Citation : 2022 Latest Caselaw 5194 Chatt
Judgement Date : 17 August, 2022

Chattisgarh High Court
Anjali vs Dharmendra @ Dhhalu And Ors on 17 August, 2022
                                    1

                                                                      NAFR
             HIGH COURT OF CHHATTISGARH, BILASPUR
                            MAC No. 140 of 2015

    Anjali W/o Late Dulal Ieach, Aged About 43 Years (Mother), R/o
     Village Post Office Mana, District Raipur, Chhattisgarh
                                                               ---- Appellant

                                 Versus

  1. Dharmendra @ Dhhalu S/o Damru Sahu R/o Village Pahadi Chouk
     Lodhipara Gudhiyari Raipur Distt.- Raipur, Chhattisgarh

  2. Kishan Lal S/o Shuklal Janghel, R/o Lodhipara Gudhiyari Shyam
     Station Road Raipur, Distt. Raipur C.G.
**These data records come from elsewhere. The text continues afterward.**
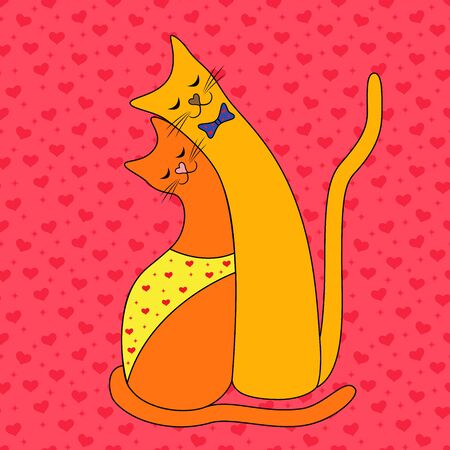 Loving cat couple on the seamless pink background with many red hearts, Valentine vector illustrationのイラスト素材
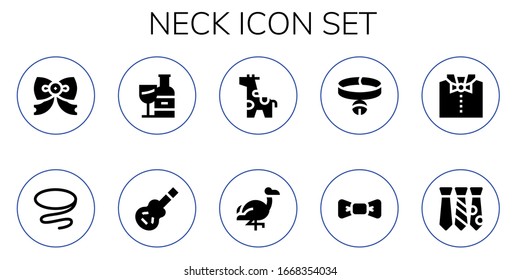 Modern Simple Set of neck Vector filled Icons. Contains such as Bow tie, Tie, Wine bottle, Electric guitar, Giraffe, Flamingo and more Fully Editable and Pixel Perfect icons.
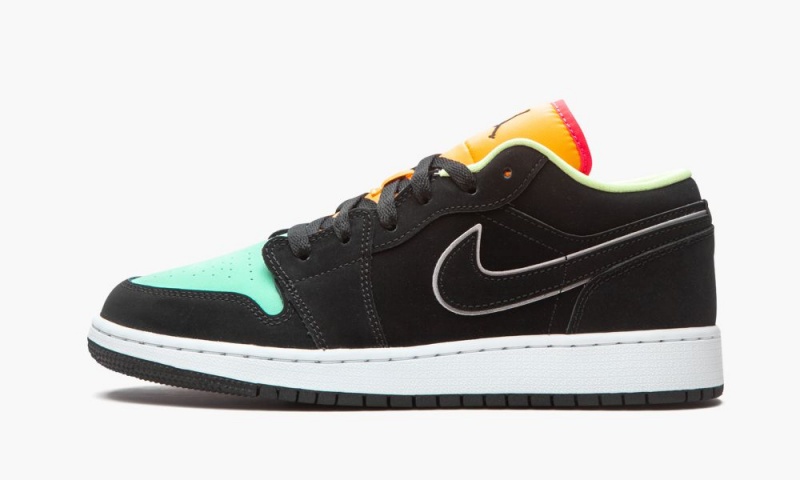 Nike Air Jordan 1 Low SE GS \'Aurora Green\' Schoenen Kinderen Zwart Groen Nederland | 457631-IHE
  3. Bajaj Allianz General Insurance Company Limited Through Its Branch
     Manager, Bajaj Allianz General Insurance Company Limited, Shiv
     Mohan Bhawan Vidhan Shabha Road, Pandri Raipur, C.G.

  4. Shikha W/o Late Gopal Ieach, Aged About 20 Years, R/o P.O, Mana
     Distt. Raipur C.G.

                                                         ---- Respondents
For Appellant         :       Mr. A. L. Singroul, Advocate
For Insurance Company :       Mr. Sangeet Kumar Kushwaha, Advocate



                   Hon'ble Shri Justice P. Sam Koshy
                          Judgement On Board


17.08.2022

1. Present is a claimant's appeal under Section 173 of the Motor Vehicle

Act. The challenge in the present appeal is the award dated

25.09.2007 passed in Claim Case No.50/2007 by the 12th Additional

Motor Accident Claims Tribunal (FTC) Raipur.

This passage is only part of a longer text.